Ruthenium(II)-catalyzed isomer-selective cyclization of 1,6-dienes leading to exo-methylenecyclopentanes: unprecedented cycloisomerization mechanism involving ruthenacyclopentane(hydrido) intermediate.

In the presence of a catalytic amount of ruthenium(II) complexes, [RuCl(2)(cod)](n)(), RuCl(2)(cod)(MeCN)(2), [RuCl(2)(nbd)](n)(), [RuCl(2)(CO)(3)](2), and Cp*Ru(cod)Cl, 1,6-dienes were effectively converted into the corresponding exo-methylenecyclopentanes in good to excellent yields with good isomer purity in i-PrOH at 90 degrees C. The alcoholic solvent was essential for the present catalytic cyclization, and the efficiency increased in the following order: t-BuOH << EtOH < or = i-PrOH. In contrast, a Ru(0) complex, (C(6)Me(6))Ru(cod), catalyzed the cycloisomerization only in 1,2-dichloroethane. The unusual isomer-selectivity occurred when a 1,7-octadiene was subjected to cyclization to give a similar exo-methylenecyclopentane isomer as the major product. The identical isomer selectivity was observed for the cyclization of unsymmetrical 1,6-dienes having one terminal- and one internal-alkene termini.
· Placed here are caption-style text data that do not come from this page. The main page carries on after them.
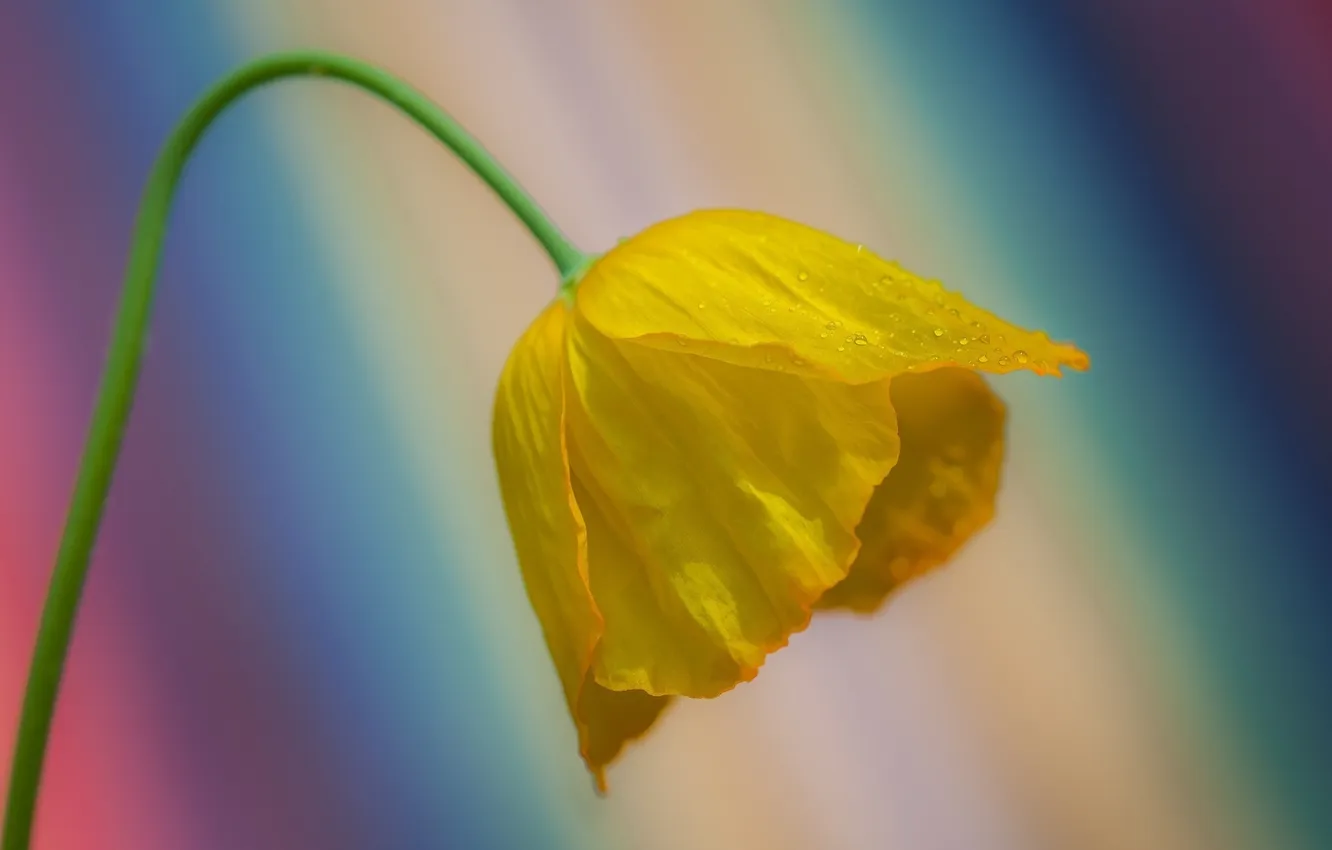 Photo wallpaper color, drops, macro, yellow, Mac, petals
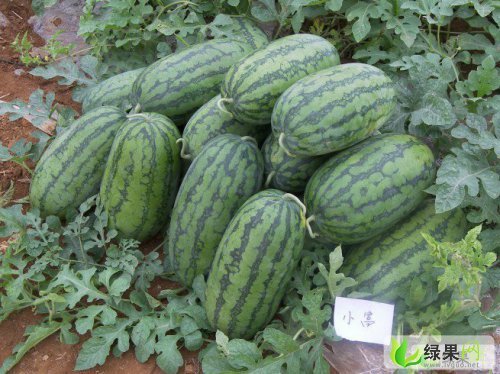 8月           / 西瓜/小富 广西区南宁市先正达 联系人:卢老板 电 话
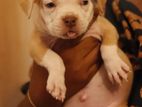 American Bully Puppy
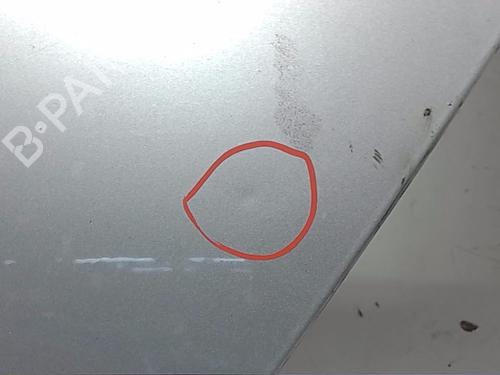 Used Left rear door RENAULT LAGUNA III (BT0/1) 2.0 dCi (BT01, BT08, BT09, BT0E, BT0K, BT12, BT1C, BT1D,... (150 hp) 13824085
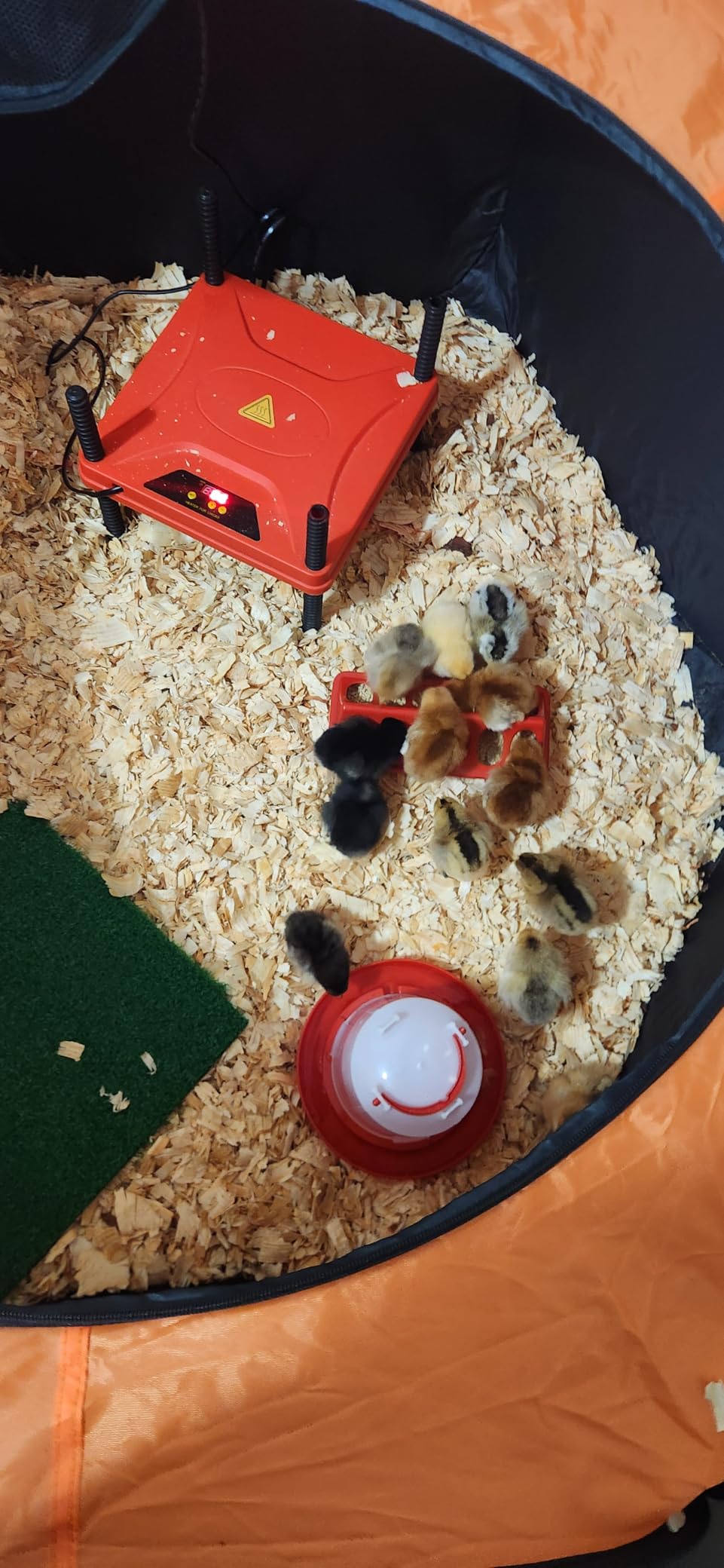 Phoncoo Brooder Box for Chick Starter Kit with Brooder Heating Plate - Pop Up Chicken Brooder Box, Feeder, Waterer, Perch, Nesting Pad customer photo 2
On the basis of the results from the studies using the known ruthenium hydrides and deuterium-labeling substrates, the novel mechanism via the Ru(II) <--> Ru(IV) system involving a ruthenacyclopentane(hydrido) intermediate was proposed, which better explains the particular regiochemistry of the present cyclization than other previous mechanisms.